(Excerpts from a dataset)
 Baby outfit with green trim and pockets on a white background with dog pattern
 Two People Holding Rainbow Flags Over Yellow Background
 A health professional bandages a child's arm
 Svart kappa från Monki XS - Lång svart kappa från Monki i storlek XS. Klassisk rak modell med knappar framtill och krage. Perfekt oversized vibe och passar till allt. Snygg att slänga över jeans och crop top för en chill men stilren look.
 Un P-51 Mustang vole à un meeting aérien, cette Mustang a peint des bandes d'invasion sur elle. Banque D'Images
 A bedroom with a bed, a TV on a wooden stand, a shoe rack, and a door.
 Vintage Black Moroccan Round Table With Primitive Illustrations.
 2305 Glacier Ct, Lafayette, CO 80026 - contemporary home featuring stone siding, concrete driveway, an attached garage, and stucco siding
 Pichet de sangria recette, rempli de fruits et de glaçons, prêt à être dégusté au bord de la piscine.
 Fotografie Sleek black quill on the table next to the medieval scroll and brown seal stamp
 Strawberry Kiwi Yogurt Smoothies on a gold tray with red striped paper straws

- The task -
The answer must be a word-for-word transcription of every record above.

- Exercise response -
 Baby outfit with green trim and pockets on a white background with dog pattern
 Two People Holding Rainbow Flags Over Yellow Background
 A health professional bandages a child's arm
 Svart kappa från Monki XS - Lång svart kappa från Monki i storlek XS. Klassisk rak modell med knappar framtill och krage. Perfekt oversized vibe och passar till allt. Snygg att slänga över jeans och crop top för en chill men stilren look.
 Un P-51 Mustang vole à un meeting aérien, cette Mustang a peint des bandes d'invasion sur elle. Banque D'Images
 A bedroom with a bed, a TV on a wooden stand, a shoe rack, and a door.
 Vintage Black Moroccan Round Table With Primitive Illustrations.
 2305 Glacier Ct, Lafayette, CO 80026 - contemporary home featuring stone siding, concrete driveway, an attached garage, and stucco siding
 Pichet de sangria recette, rempli de fruits et de glaçons, prêt à être dégusté au bord de la piscine.
 Fotografie Sleek black quill on the table next to the medieval scroll and brown seal stamp
 Strawberry Kiwi Yogurt Smoothies on a gold tray with red striped paper straws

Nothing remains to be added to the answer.